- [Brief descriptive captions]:
· · ·

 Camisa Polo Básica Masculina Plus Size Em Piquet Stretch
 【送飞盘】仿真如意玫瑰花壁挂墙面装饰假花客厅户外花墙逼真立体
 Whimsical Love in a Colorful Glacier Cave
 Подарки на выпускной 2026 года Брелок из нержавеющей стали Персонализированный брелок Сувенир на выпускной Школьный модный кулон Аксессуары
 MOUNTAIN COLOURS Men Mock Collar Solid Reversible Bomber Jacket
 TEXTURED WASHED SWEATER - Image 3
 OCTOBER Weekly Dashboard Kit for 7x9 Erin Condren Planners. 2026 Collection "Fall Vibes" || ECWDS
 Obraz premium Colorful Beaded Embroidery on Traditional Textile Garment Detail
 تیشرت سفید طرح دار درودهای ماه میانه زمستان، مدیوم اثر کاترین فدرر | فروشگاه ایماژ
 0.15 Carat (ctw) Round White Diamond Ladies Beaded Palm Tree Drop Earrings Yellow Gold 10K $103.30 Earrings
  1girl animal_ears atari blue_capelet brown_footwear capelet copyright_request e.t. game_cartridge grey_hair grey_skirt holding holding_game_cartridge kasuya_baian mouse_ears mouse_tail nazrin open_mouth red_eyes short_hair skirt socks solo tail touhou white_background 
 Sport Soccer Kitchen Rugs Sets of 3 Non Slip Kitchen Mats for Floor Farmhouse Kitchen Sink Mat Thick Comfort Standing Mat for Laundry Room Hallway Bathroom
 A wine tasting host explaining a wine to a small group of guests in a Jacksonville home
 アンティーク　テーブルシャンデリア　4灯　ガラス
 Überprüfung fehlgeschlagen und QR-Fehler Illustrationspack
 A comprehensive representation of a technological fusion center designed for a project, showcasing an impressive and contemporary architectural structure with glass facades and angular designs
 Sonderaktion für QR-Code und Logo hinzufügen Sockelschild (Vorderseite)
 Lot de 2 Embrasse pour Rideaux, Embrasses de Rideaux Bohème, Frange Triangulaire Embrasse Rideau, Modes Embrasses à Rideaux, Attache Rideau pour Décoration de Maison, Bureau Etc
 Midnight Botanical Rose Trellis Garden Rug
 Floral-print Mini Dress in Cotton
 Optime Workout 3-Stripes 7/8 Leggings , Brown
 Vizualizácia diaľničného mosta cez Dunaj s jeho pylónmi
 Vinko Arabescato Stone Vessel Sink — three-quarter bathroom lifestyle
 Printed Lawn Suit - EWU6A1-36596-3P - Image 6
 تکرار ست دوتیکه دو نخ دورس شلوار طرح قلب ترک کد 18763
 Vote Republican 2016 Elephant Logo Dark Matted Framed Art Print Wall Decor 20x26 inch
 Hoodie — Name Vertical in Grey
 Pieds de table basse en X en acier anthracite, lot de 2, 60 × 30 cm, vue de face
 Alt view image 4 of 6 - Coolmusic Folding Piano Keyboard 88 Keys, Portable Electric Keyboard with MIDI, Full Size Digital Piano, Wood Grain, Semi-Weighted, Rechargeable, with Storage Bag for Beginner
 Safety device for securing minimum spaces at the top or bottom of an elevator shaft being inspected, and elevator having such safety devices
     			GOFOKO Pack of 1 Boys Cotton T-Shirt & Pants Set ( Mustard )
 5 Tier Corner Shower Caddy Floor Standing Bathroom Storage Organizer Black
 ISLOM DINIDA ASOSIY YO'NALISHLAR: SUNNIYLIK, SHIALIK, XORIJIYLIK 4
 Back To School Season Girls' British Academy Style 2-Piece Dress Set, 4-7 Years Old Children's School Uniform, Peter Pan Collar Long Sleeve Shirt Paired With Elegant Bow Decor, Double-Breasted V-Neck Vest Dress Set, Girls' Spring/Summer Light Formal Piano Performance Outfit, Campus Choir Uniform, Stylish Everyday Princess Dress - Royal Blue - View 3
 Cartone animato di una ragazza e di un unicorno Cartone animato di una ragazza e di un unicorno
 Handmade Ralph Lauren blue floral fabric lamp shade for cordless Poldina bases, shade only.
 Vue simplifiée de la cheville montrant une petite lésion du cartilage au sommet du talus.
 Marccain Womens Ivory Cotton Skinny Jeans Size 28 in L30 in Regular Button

· · ·

- [TASK PROMPT]: Copy every line of the data above, beginning with the first and ending with the line that contains "Überprüfung fehlgeschlagen und", and give nothing more.

- [SOLUTION BELOW]:
 Camisa Polo Básica Masculina Plus Size Em Piquet Stretch
 【送飞盘】仿真如意玫瑰花壁挂墙面装饰假花客厅户外花墙逼真立体
 Whimsical Love in a Colorful Glacier Cave
 Подарки на выпускной 2026 года Брелок из нержавеющей стали Персонализированный брелок Сувенир на выпускной Школьный модный кулон Аксессуары
 MOUNTAIN COLOURS Men Mock Collar Solid Reversible Bomber Jacket
 TEXTURED WASHED SWEATER - Image 3
 OCTOBER Weekly Dashboard Kit for 7x9 Erin Condren Planners. 2026 Collection "Fall Vibes" || ECWDS
 Obraz premium Colorful Beaded Embroidery on Traditional Textile Garment Detail
 تیشرت سفید طرح دار درودهای ماه میانه زمستان، مدیوم اثر کاترین فدرر | فروشگاه ایماژ
 0.15 Carat (ctw) Round White Diamond Ladies Beaded Palm Tree Drop Earrings Yellow Gold 10K $103.30 Earrings
  1girl animal_ears atari blue_capelet brown_footwear capelet copyright_request e.t. game_cartridge grey_hair grey_skirt holding holding_game_cartridge kasuya_baian mouse_ears mouse_tail nazrin open_mouth red_eyes short_hair skirt socks solo tail touhou white_background 
 Sport Soccer Kitchen Rugs Sets of 3 Non Slip Kitchen Mats for Floor Farmhouse Kitchen Sink Mat Thick Comfort Standing Mat for Laundry Room Hallway Bathroom
 A wine tasting host explaining a wine to a small group of guests in a Jacksonville home
 アンティーク　テーブルシャンデリア　4灯　ガラス
 Überprüfung fehlgeschlagen und QR-Fehler Illustrationspack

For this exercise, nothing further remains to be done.